Abbiamo intervistato Maurizio Piscopo che ci ha raccontato un po’ il suo libro: “Ogni autore ha sviluppato una tematica specifica così da illustrare il fenomeno migratorio sotto tutti gli aspetti: il cinema, le canzoni, la Rai, i racconti di famiglia, il fenomeno sociale, la tristezza della cronaca, ad esempio di quella madre costretta a gettare in mare, nell’oceano profondo, il cadavere della bambina morta e della sua stessa fine avvenuta pochi giorni dopo quasi a volere riunirsi all’amata figlioletta” 
 
E continua: “Abbiamo dedicato il libro a Papa Francesco al quale spero di poterlo consegnare personalmente, perché ha rotto tutti gli schemi, è andato dai poveri (a Lampedusa dopo il naufragio in cui morirono tantissimi migranti-ndr) ed è figlio di emigranti italiani”.

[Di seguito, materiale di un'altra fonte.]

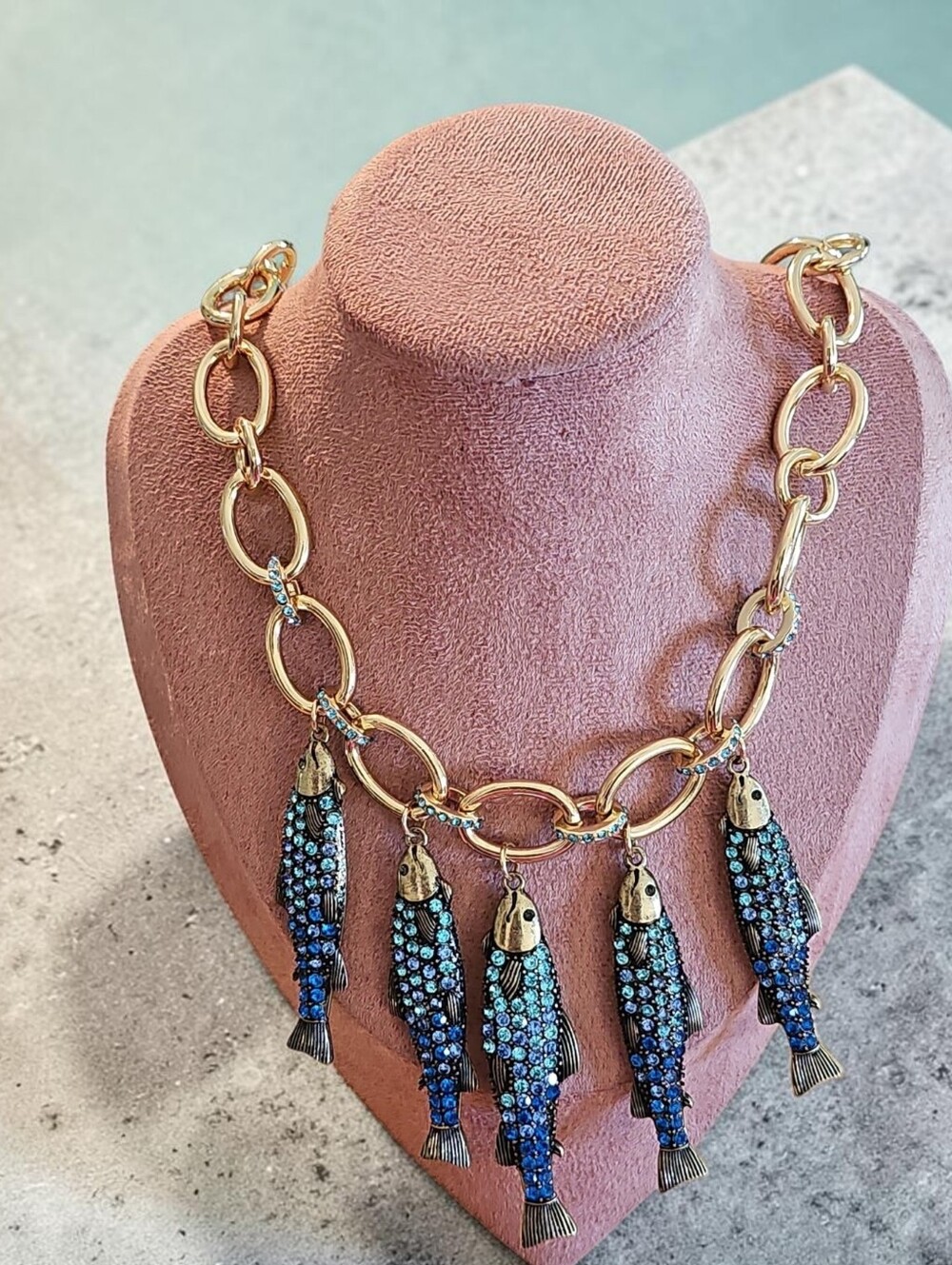Betsy Johnson Nwt Gold Chain Necklace with Blue Crystal Fish Charms, Reversible.
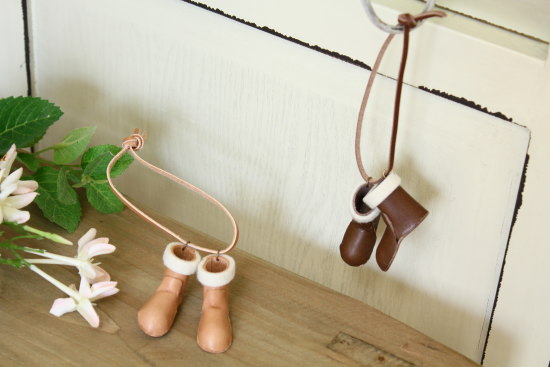 arome de muguet レザーアクセサリー ミニブーツ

I napoletani hanno scritto la colonna sonora dei viaggi della speranza dei nostri meridionali nella terra dove tutto poteva accadere, dove tutto poteva cambiare, dove potevi avere una vita migliore. E così è stato per molti, a fronte di tanti sacrifici, c’è chi ce l’ha fatta, chi ha realizzato il proprio sogno, c’è chi ha chiamato i propri parenti stuzzicandoli magari inviando delle foto-cartoline sulle quali mostravano l’immagine del benessere, del loro successo anche per rassicurare coloro che erano rimasti al paese.
Il sogno nel cassetto è di fare un film sui migranti e di divulgare i canti tradizionali popolari che da anni ormai portano in giro i cantori ddella Compagnia di Canto Popolare Favarese. Dà l’impressione di essere uno dei personaggi dei suoi libri. “Sì – conferma – penso di essere stato anch’io un emigrante, ho viaggiato, ho cercato e forse ho trovato la mia identità in questo viaggio, in questi sogni, nella scrittura che ha per me una funzione terapeutica e attraverso di essa riesco a dire quello che ho nel cuore”.
 
E racconta una storia: “Ero seduto con un amico e gli dicevo che volevo fare lo scrittore e mi sembrava una parola grandissima. Mi trovai per caso accanto allo scrittore Leonardo Sciascia che di mestiere faceva il maestro di scuola elementare, come me. Dissi che mi ero stancato e che volevo cambiare professione, fare lo scrittore. Lui mi convinse a continuare a lavorare alla crescita dei bambini e che un giorno, senza bisogno di lasciare la mia terra, avrei cominciato a scrivere. E così ho fatto”.
Maurizio Piscopo, rimasto nella sua Sicilia, continua a fare il maestro di scuola ma coltiva le sue due passioni, la scrittura e la musica che porta in giro con la sua piccola orchestra. Ed è felice perché il pubblico, attraverso le sue canzoni, si riappropria del passato e della memoria.